====== SUPPLIED INFORMATION ======
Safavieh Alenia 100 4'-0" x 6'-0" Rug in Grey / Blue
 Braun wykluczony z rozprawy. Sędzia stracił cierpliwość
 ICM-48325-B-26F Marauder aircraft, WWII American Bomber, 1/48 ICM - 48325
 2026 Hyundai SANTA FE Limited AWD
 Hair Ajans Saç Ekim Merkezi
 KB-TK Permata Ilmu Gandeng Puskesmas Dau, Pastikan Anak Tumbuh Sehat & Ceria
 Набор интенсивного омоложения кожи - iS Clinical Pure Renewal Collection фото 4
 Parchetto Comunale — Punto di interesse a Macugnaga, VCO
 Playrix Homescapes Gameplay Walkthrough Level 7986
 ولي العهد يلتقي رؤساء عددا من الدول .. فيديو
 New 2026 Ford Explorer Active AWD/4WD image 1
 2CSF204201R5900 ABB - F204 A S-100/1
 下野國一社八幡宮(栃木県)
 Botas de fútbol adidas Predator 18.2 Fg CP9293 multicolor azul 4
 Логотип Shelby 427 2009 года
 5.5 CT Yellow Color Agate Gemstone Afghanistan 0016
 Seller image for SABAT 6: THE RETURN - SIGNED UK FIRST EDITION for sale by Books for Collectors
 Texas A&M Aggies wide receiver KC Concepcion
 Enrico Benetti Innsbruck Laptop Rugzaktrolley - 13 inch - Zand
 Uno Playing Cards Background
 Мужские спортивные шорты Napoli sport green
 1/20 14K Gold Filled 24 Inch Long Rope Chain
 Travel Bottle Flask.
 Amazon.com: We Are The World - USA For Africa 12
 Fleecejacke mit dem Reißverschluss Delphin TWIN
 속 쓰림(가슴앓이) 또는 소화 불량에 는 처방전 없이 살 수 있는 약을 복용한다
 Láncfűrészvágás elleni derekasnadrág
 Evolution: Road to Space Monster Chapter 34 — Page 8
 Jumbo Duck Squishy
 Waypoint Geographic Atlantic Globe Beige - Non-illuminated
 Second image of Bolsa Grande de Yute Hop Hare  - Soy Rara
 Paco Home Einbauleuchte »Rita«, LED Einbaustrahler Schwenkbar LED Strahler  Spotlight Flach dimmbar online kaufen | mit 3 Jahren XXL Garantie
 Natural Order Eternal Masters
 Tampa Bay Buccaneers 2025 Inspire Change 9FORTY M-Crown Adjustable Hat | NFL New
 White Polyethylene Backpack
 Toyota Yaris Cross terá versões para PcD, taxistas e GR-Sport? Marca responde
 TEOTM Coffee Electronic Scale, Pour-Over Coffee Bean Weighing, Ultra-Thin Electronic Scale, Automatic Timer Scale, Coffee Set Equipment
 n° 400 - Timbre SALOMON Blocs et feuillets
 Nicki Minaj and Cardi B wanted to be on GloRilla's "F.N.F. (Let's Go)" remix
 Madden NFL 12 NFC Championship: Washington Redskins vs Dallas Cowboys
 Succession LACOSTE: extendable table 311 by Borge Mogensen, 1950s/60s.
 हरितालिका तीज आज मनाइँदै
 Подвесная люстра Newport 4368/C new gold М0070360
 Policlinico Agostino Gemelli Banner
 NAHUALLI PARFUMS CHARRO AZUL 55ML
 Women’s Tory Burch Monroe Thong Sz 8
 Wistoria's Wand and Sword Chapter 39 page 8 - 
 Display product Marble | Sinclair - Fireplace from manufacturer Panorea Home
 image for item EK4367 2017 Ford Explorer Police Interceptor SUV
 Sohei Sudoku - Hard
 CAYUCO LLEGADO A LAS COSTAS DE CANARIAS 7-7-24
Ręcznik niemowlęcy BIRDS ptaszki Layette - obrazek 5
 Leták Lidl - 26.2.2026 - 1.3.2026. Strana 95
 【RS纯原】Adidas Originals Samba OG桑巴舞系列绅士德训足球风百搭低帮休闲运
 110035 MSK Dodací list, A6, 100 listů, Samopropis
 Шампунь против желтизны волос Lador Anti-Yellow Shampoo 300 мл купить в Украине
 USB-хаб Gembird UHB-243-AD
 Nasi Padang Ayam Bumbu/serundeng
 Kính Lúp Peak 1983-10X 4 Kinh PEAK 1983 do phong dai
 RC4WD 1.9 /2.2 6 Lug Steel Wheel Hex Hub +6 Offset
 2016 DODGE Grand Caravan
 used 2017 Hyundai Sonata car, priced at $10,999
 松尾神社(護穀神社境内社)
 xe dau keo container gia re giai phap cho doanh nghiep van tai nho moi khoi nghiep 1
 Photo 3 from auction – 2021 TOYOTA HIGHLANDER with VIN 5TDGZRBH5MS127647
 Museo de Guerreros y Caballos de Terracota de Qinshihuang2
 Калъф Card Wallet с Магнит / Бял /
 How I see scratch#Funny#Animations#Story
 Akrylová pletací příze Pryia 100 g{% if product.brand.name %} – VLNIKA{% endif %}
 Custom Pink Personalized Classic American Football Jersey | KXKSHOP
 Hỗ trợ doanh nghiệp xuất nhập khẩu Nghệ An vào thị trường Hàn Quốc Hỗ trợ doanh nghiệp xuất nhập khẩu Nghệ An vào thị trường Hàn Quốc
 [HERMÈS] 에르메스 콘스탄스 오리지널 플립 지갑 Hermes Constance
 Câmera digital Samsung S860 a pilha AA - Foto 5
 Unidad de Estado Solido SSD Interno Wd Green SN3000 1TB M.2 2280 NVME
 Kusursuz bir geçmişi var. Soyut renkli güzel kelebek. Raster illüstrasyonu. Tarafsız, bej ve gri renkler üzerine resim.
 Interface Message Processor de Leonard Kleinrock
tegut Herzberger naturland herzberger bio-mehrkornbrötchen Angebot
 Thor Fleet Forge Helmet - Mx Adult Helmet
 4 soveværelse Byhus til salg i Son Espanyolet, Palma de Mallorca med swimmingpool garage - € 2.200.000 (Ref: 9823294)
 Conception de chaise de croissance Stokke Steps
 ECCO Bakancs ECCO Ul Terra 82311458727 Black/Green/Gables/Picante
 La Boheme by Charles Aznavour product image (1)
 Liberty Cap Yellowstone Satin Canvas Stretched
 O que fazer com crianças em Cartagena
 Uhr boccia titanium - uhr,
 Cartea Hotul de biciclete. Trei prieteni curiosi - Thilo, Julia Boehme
======
• _TASK PROMPT_
The answer should be a single number giving how many lines in the records hold the word "Ford".

• _RESPONSE FOR THIS EXERCISE_
2